### WORK ITEM
Take the lines from the one with "907 12th Street 4, Santa Monica, CA 90403" through the end of the material below and repeat them exactly, dropping every picture.

*** Opening DATA BLOCK ***

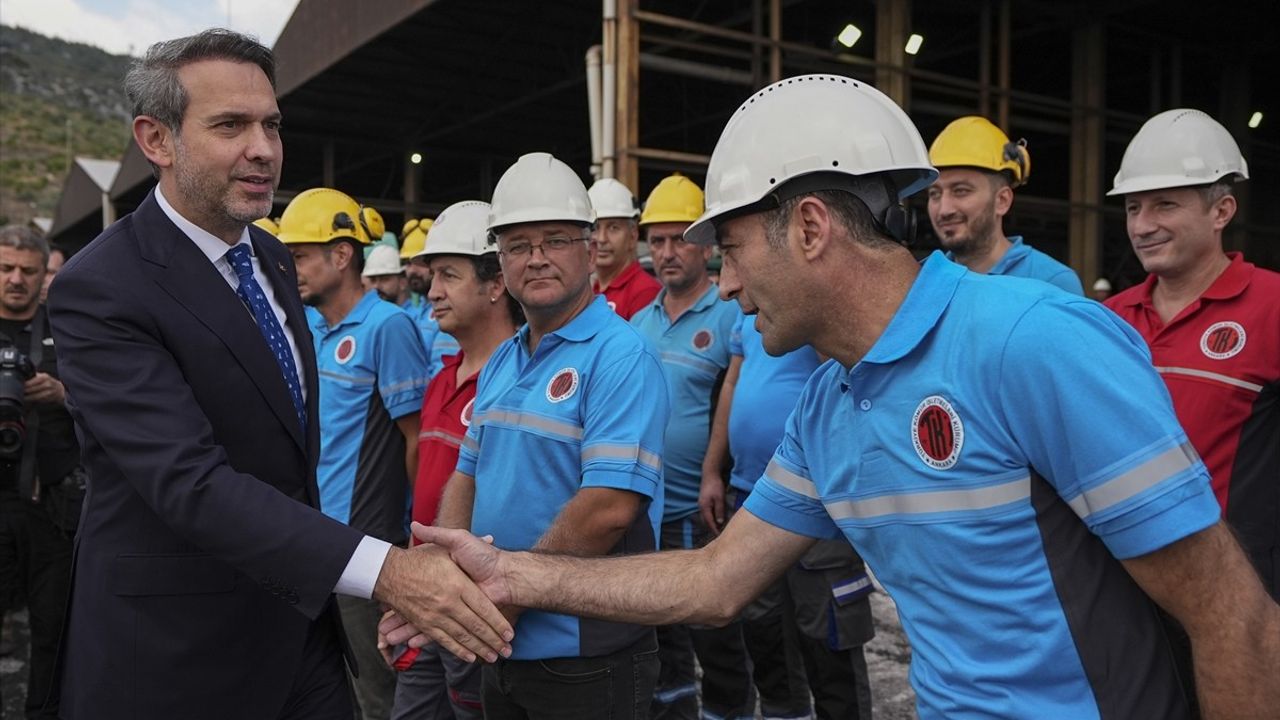 Bakan Bayraktar: Soma Termik Santrali yeniden çalışacak, yeni işletmeci bu ay içinde netleşecek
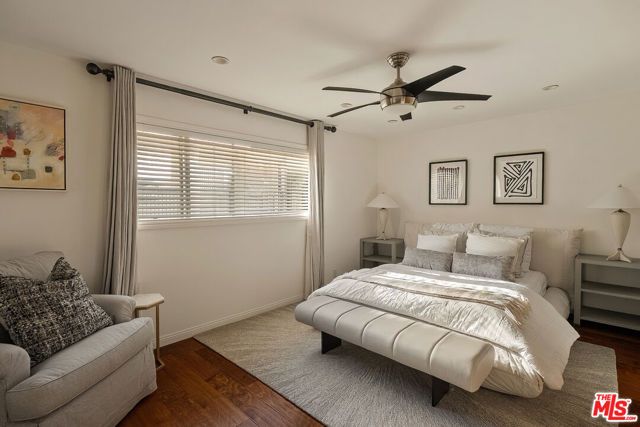 907 12th Street 4, Santa Monica, CA 90403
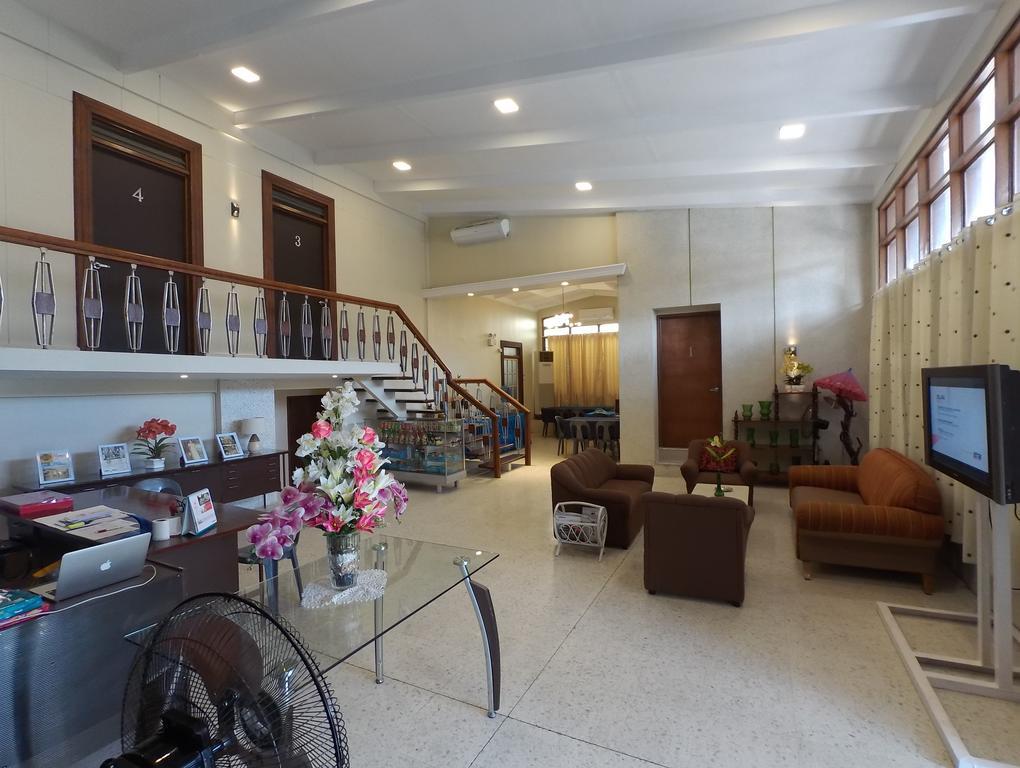ホテル Residencia Marfel タクロバン エクステリア 写真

*** Closing DATA BLOCK ***

### SOLVED EXERCISE
 907 12th Street 4, Santa Monica, CA 90403
ホテル Residencia Marfel タクロバン エクステリア 写真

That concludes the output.